De manière plus générale, la question de l’industrie nucléaire en France est l’objet d’un débat public qu’il est sain de tenir en toute transparence dans une démocratie moderne.
Les enjeux en termes de production et d’approvisionnement énergétiques justifient à eux seuls une information sincère et complète auprès des citoyens. Ils se doublent, qui plus est, d’une gestion des risques pour la santé publique, en cas d’incident et d’accident, qui nécessite un niveau très élevé d’information et de réactivité de la part de la population. Enfin, ces questions se sécurité rejoignent la notion de protection de l’environnement proche des sites de production, qui préoccupe légitimement les riverains, les associations et les responsables politiques locaux.

Sur l’ensemble du territoire national, il convient donc d’assurer un niveau très élevé d’information loyale relativement à l’industrie nucléaire. En particulier, les autorités publiques doivent pouvoir, à tout moment, solliciter et obtenir que compte soit rendu sur l’état de fonctionnement des installations, de report des incidents et de gestion des stocks, notamment de matières dangereuses. De la même manière, une transparence réelle doit enfin être mise en œuvre vis-à-vis de l’ensemble des populations concernées.
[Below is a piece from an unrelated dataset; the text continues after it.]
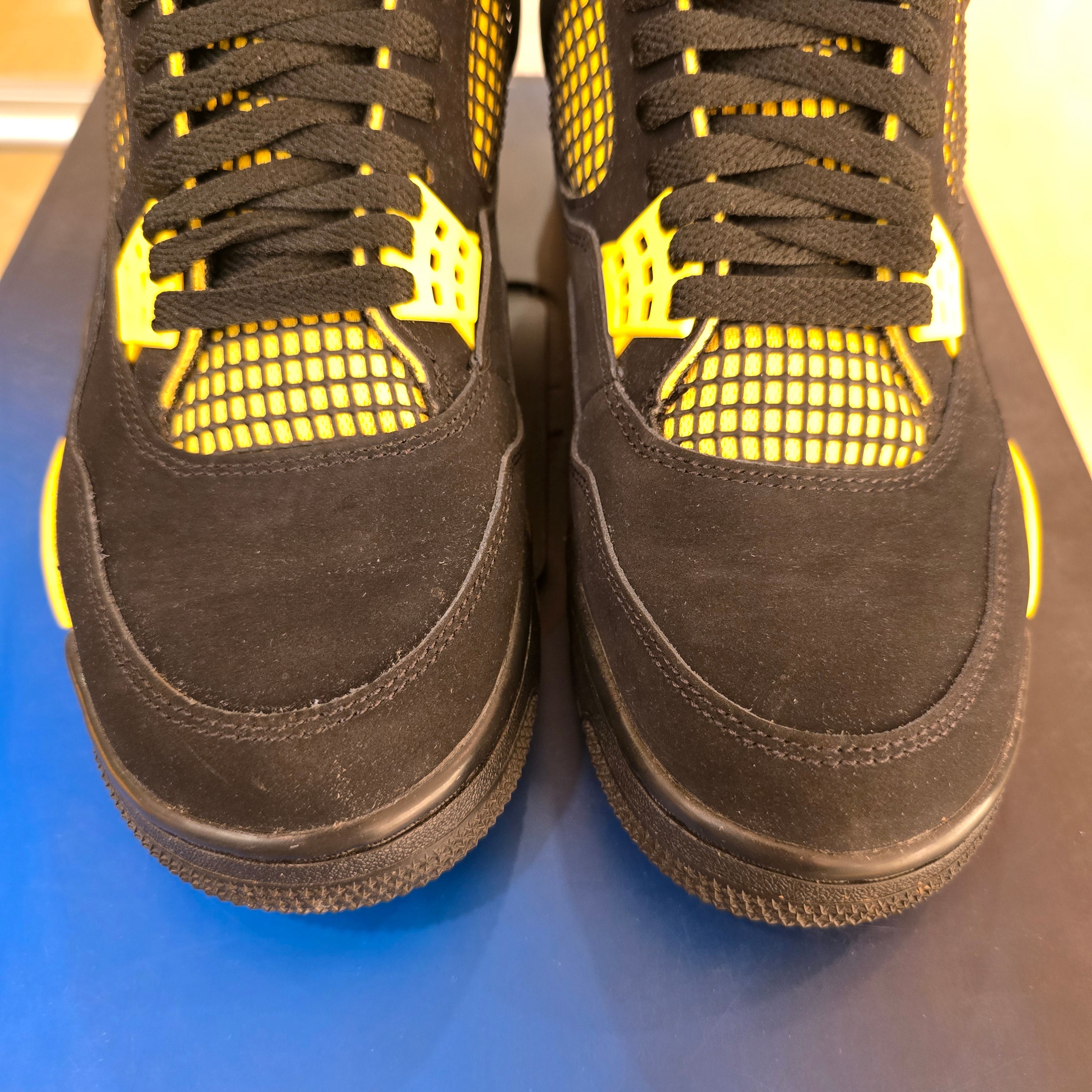 Jordan 4 Retro Thunder 2023 SZ 9.5 USED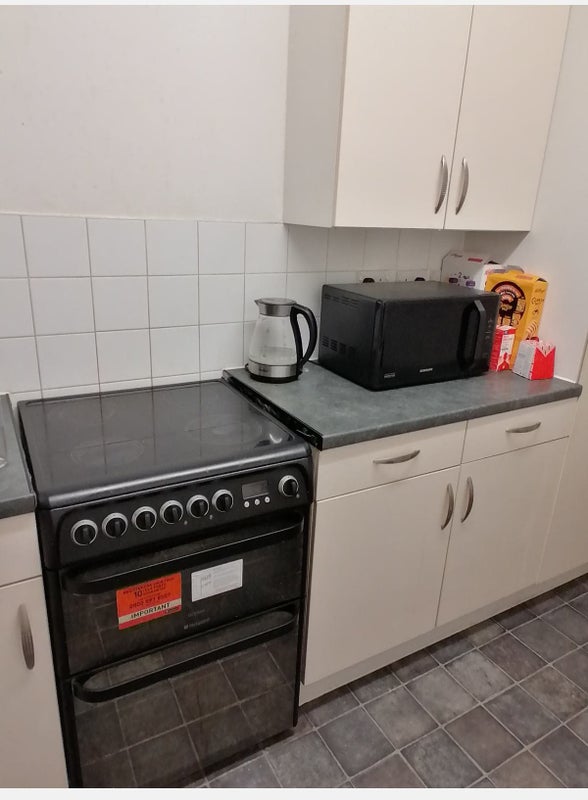 Room Peckham Grove in Greater London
La sécurité des personnes travaillant sur les sites, la sécurité des personnes riveraines et la sécurité des territoires et des écosystèmes avoisinants, passent par un système d’information fiable et en temps réel. L’industrie nucléaire ne saurait fonctionner en vase clos et à l’écart des relais d’information médiatiques, qui assurent une fonction essentielle de transparence démocratique.

Dans le contexte de crise énergétique, l’industrie nucléaire apporte des réponses effectives, dans la mesure où est garanti le droit de contrôle démocratique sur ses activités. Du point de vue technologique, l’implantation prochaine du centre de recherche d’Iter sur le site de Cadarache constitue une piste de travail et d’avancée majeure. Son succès sera évidemment conditionné à la capacité des grands acteurs internationaux et français de l’industrie nucléaire à garantir une sécurisation accrue des procédures et une transparence réelle de la gestion des risques.

Il revient à la représentation nationale de relever cette nécessité. A Cadarache comme ailleurs en France, la réponse aux enjeux énergétiques, à la sécurité des personnes et la santé publique, à la protection de l’environnement, recommandent d’augmenter le niveau de responsabilité démocratique des acteurs de l’industrie nucléaire devant les représentants politiques, la communauté scientifique, les associations concernées et la population dans son ensemble. Sans attendre que ne s’accumulent d’autres incidents, découverts quelquefois très tardivement par l’opinion publique, il convient pour les représentants du peuple souverain d’exercer un rôle de contrôle et de vigilance citoyenne sur les activités de l’industrie nucléaire dans notre pays, afin de permettre qu’elle soit une chance et non une menace pour notre avenir.

Pour toutes ces raisons qui fondent la fonction même de contrôle parlementaire, nous vous demandons la création, Mesdames, Messieurs, une commission d’enquête sur la transparence dans l’information relative à l’industrie et la sécurité nucléaires.

 

PROPOSITION DE RESOLUTION

Article unique

En application de l’article 140 et suivants du règlement intérieur de l’Assemblée nationale, est créée une commission d’enquête de trente membres chargée d’étudier les conditions de la transparence dans l’information relative à l’industrie et la sécurité nucléaire.